BEGIN DATASET

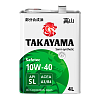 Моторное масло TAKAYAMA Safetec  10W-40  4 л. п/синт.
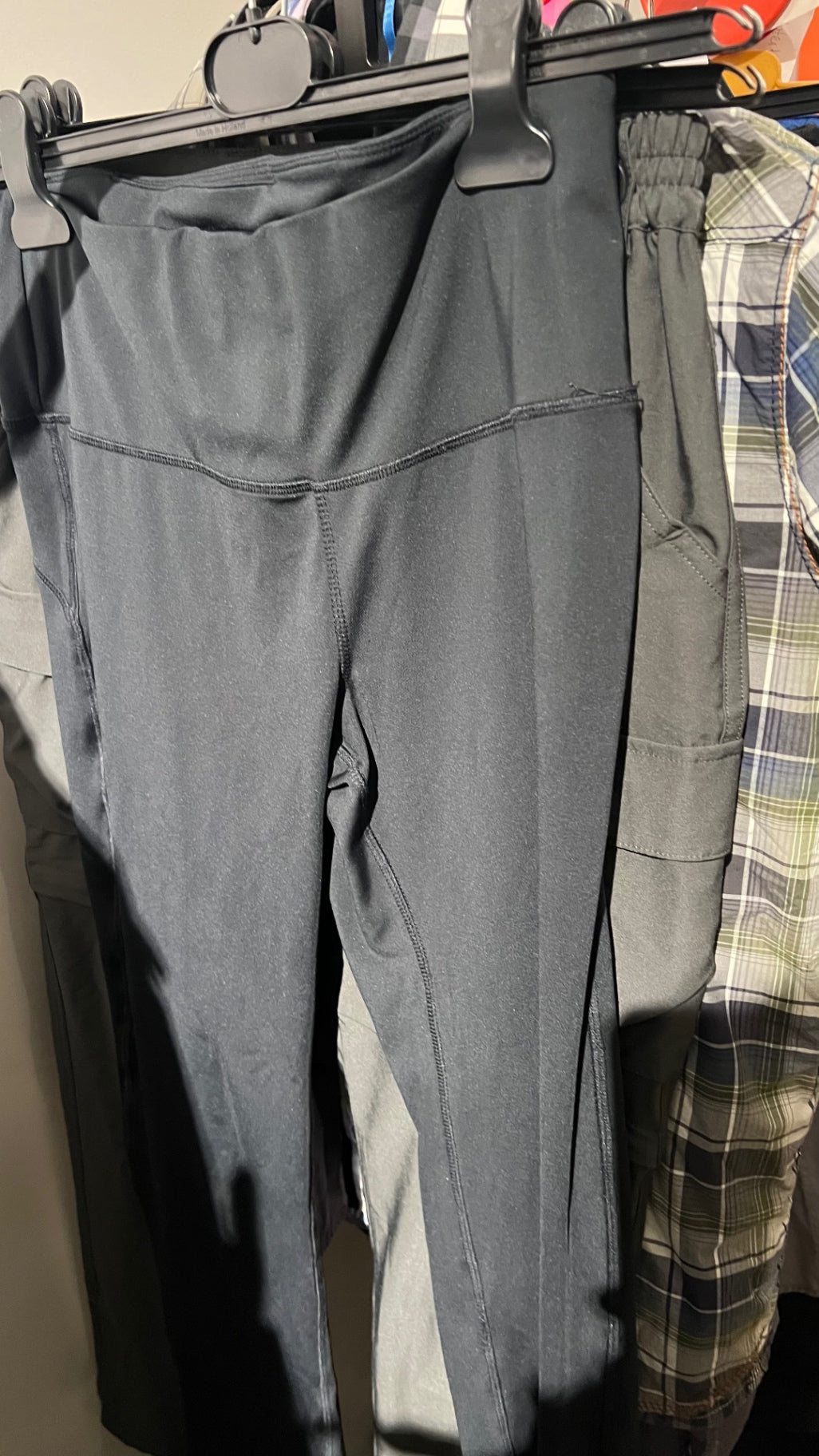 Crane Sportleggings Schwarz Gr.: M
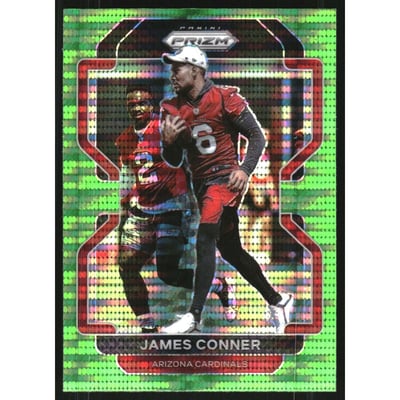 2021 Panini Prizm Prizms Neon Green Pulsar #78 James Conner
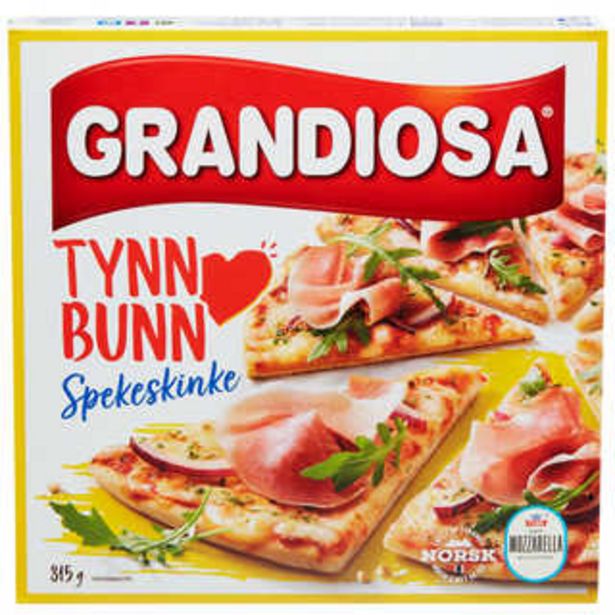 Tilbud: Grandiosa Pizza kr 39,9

END DATASET
BEGIN DATASET

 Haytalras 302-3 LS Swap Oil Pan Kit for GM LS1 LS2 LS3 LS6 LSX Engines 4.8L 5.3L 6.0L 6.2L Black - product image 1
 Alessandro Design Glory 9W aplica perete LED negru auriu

END DATASET
BEGIN DATASET

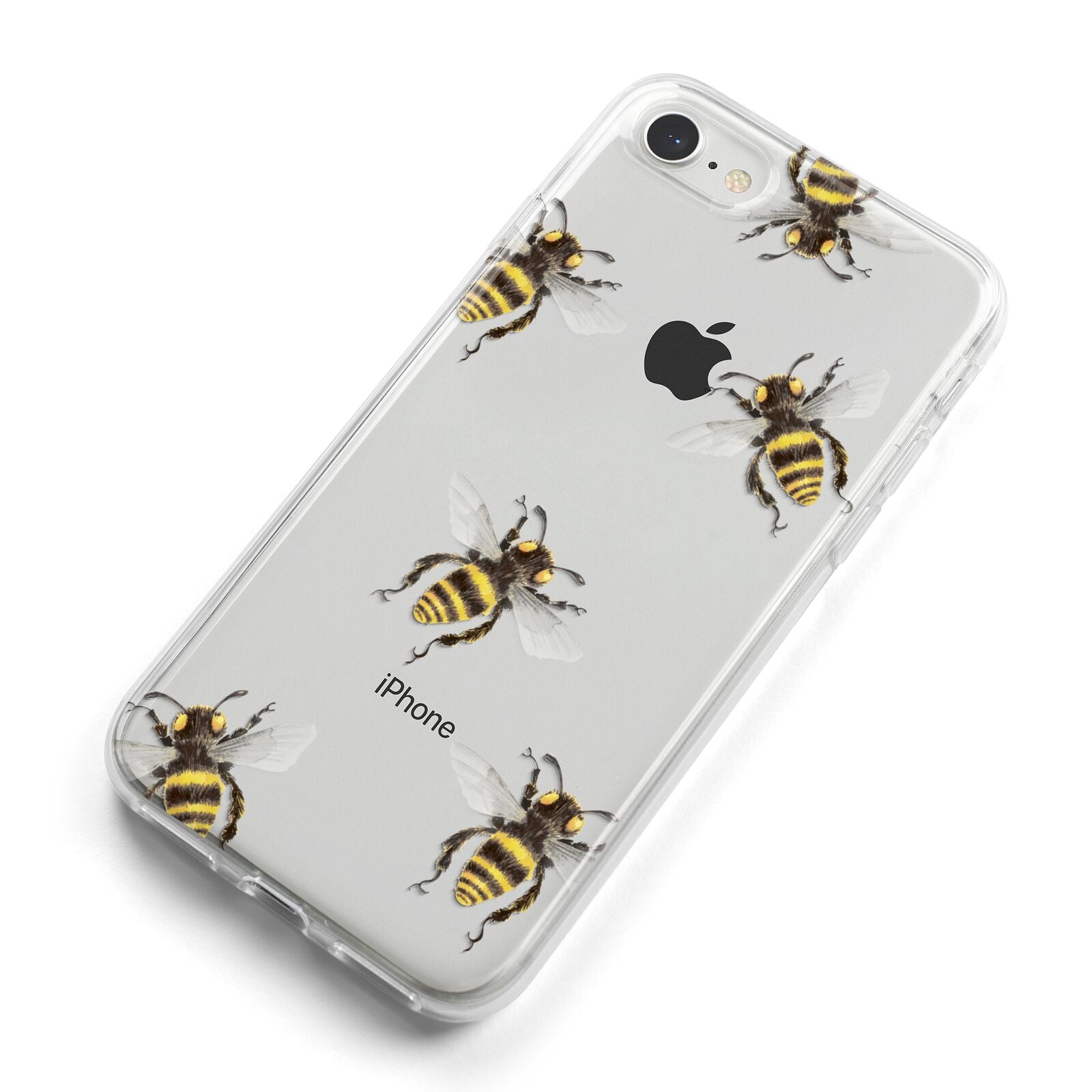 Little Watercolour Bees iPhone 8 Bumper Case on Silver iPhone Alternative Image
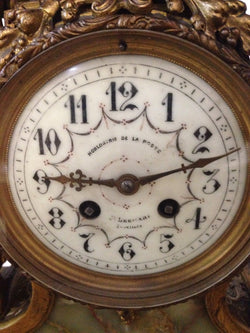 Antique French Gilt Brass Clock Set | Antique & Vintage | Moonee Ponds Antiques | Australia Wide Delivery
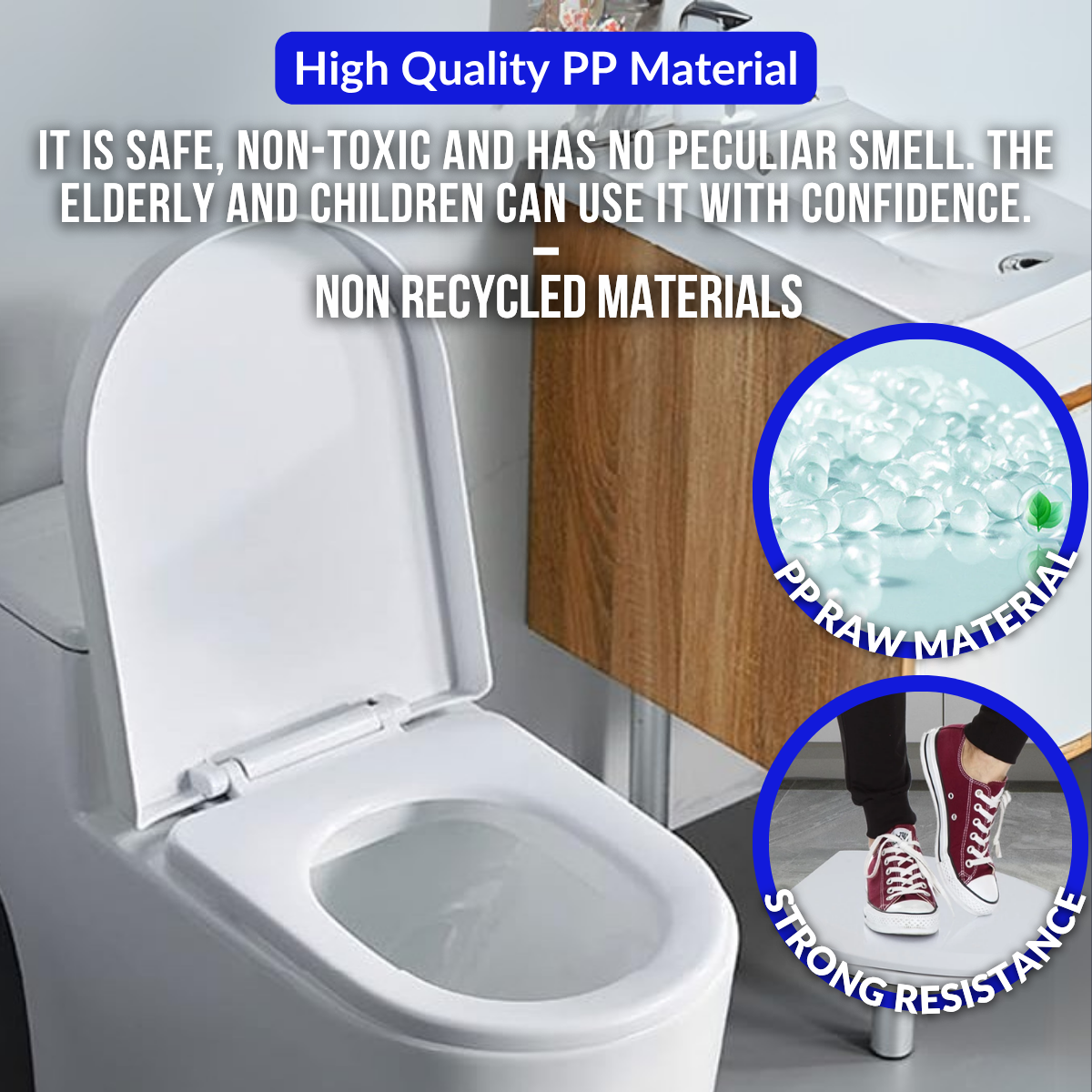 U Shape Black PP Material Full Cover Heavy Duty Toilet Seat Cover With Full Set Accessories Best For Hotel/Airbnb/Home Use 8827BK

END DATASET

> _THE TASK_
Give exactly the lines above that run from the line with "Моторное масло TAKAYAMA" to the line with "Tilbud: Grandiosa Pizza kr 39,9", both included, leaving every picture out.

> _SOLUTION_
 Моторное масло TAKAYAMA Safetec  10W-40  4 л. п/синт.
 Crane Sportleggings Schwarz Gr.: M
 2021 Panini Prizm Prizms Neon Green Pulsar #78 James Conner
 Tilbud: Grandiosa Pizza kr 39,9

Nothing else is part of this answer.